§ What to work on:
Copy the data that follows exactly, and include none of its images.

§ Material for this exercise:
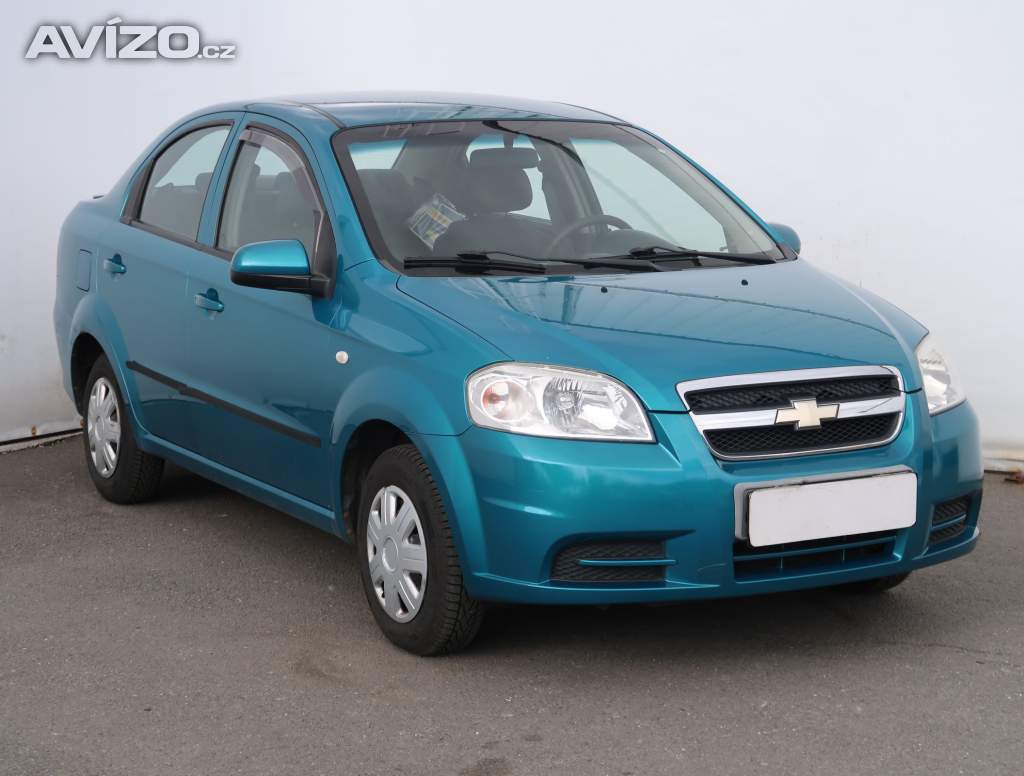 Chevrolet Aveo 1.4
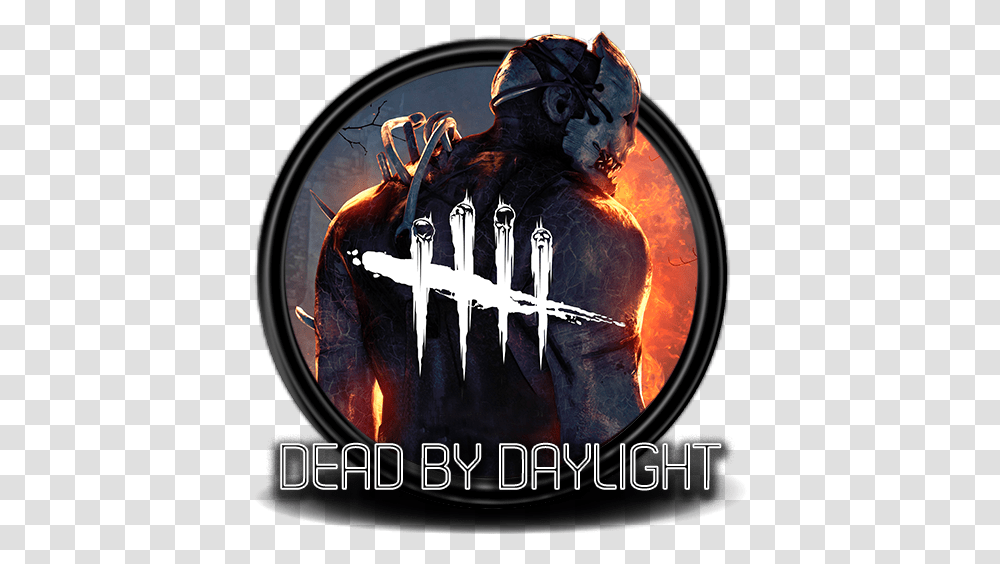 Steam Key Region Free Global Row Dead By Daylight, Poster, Advertisement, Person, Human Transparent Png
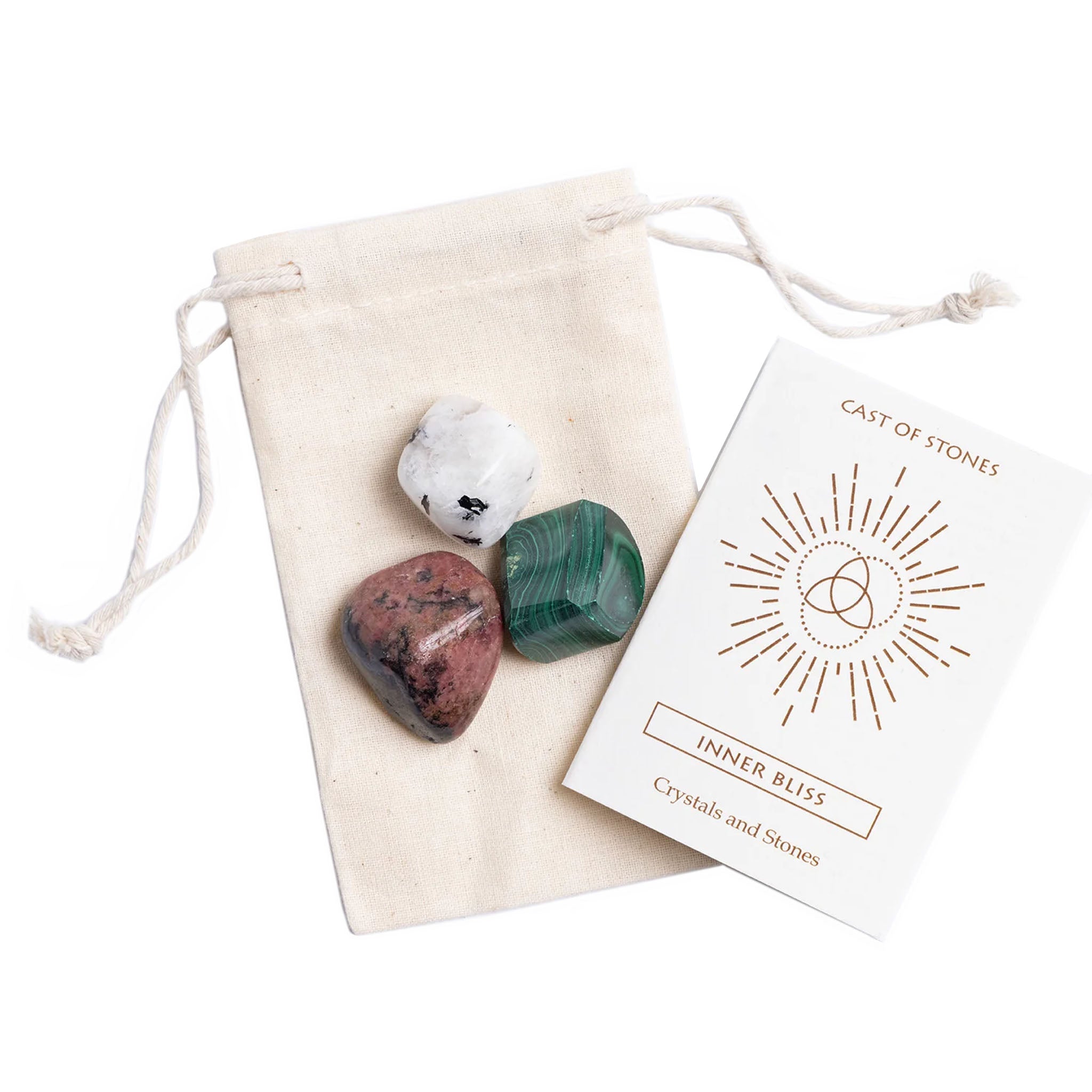 Inner Bliss Stone Set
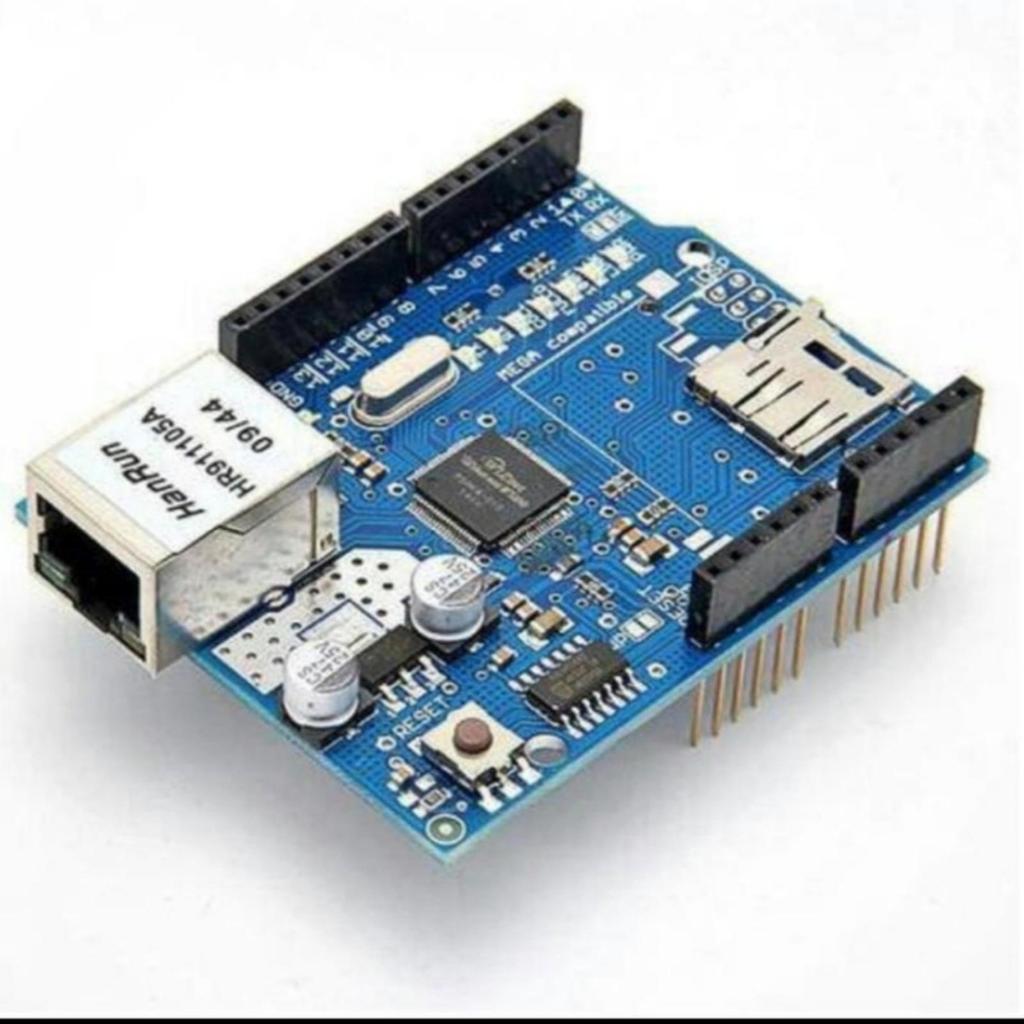 ethernet Shield w5100 lan module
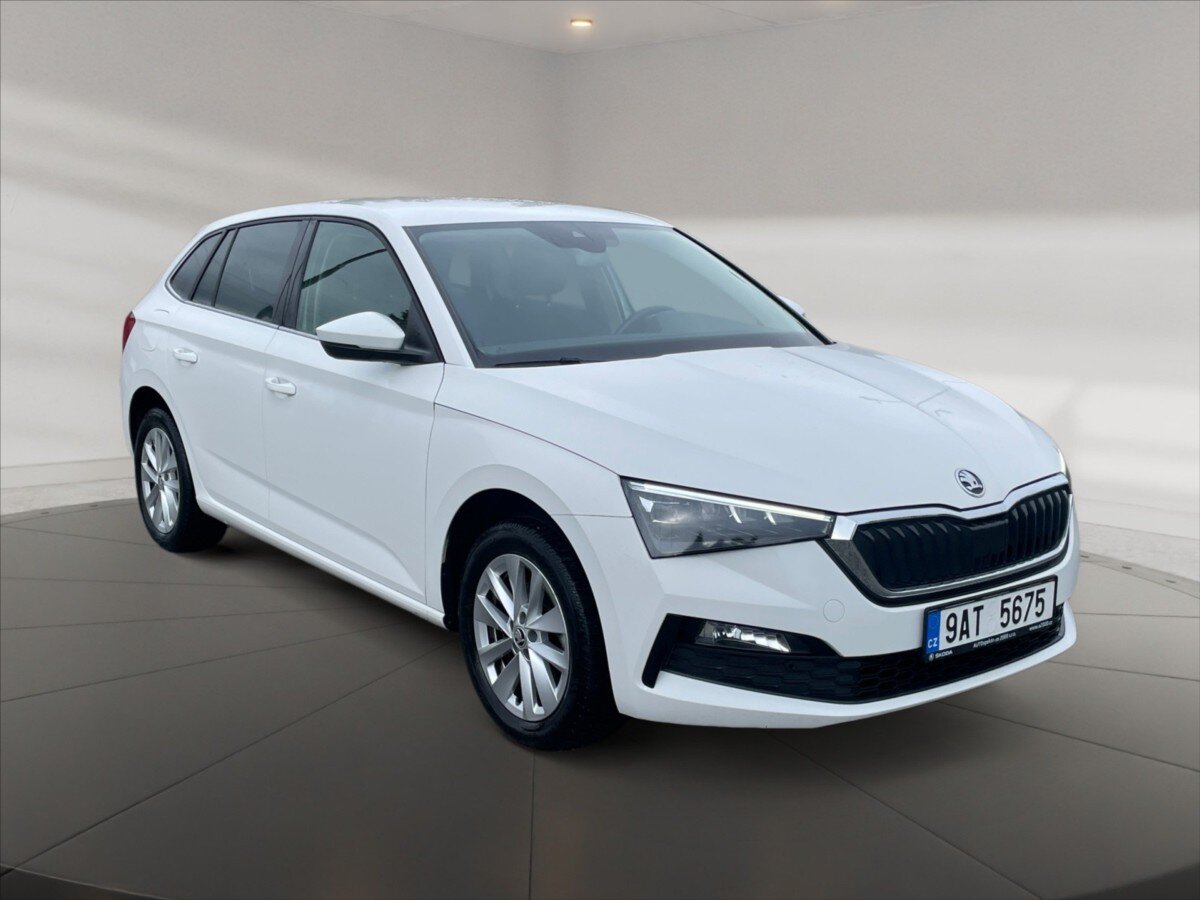 Škoda Scala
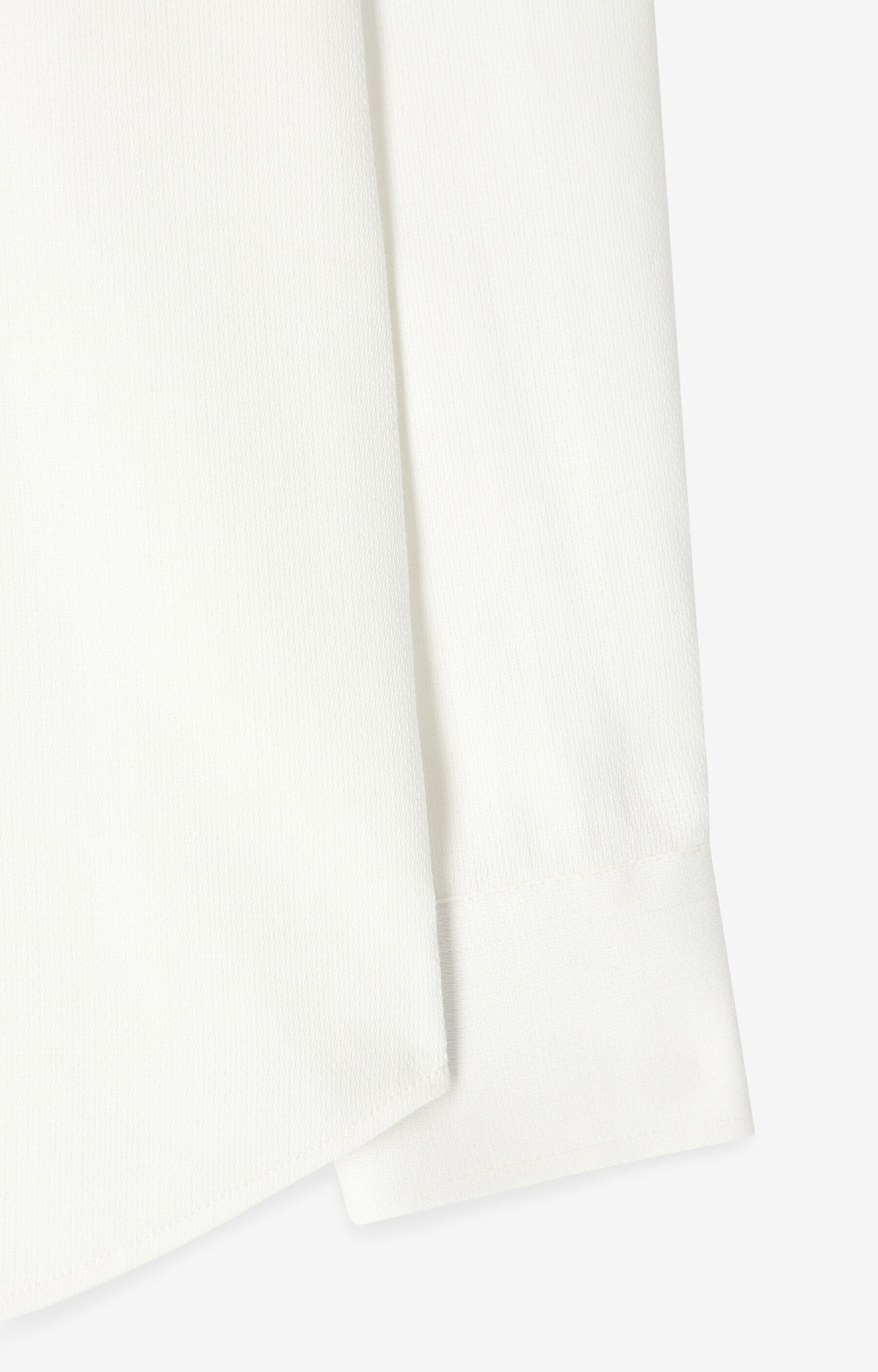 Koszula slim fit z dodatkiem lnu - 7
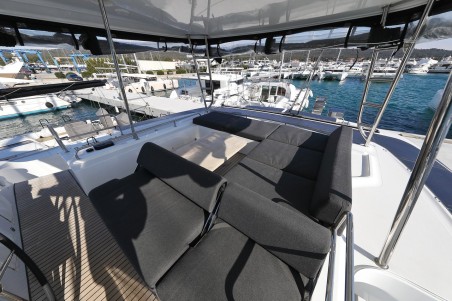 Lagoon-Bénéteau Lagoon 51 OW - 4 + 1 cab. Serendipity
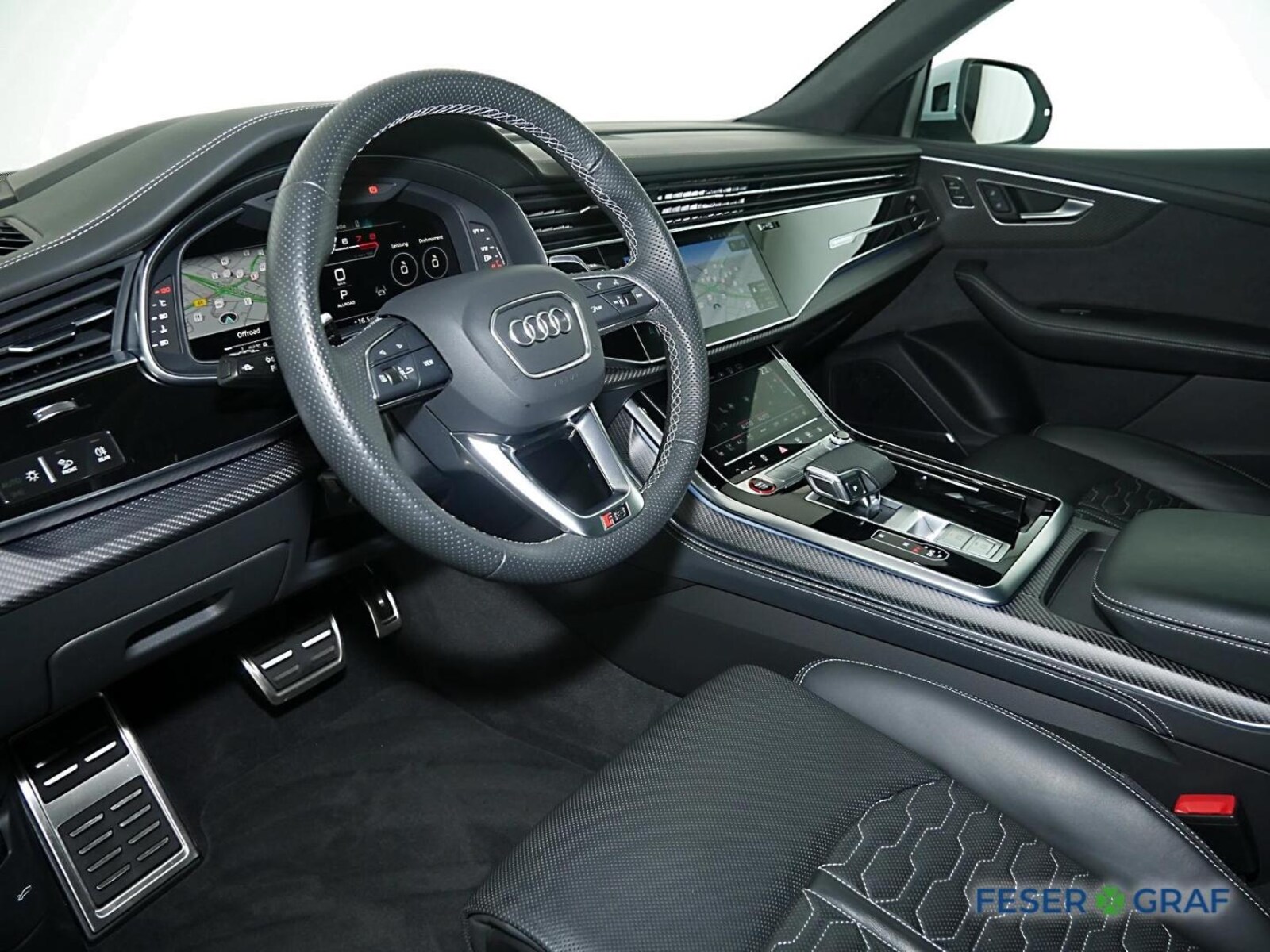 Audi RS Q8 – Bild 7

§ Response below:
 Chevrolet Aveo 1.4
 Steam Key Region Free Global Row Dead By Daylight, Poster, Advertisement, Person, Human Transparent Png
 Inner Bliss Stone Set
 ethernet Shield w5100 lan module
 Škoda Scala
 Koszula slim fit z dodatkiem lnu - 7
 Lagoon-Bénéteau Lagoon 51 OW - 4 + 1 cab. Serendipity
 Audi RS Q8 – Bild 7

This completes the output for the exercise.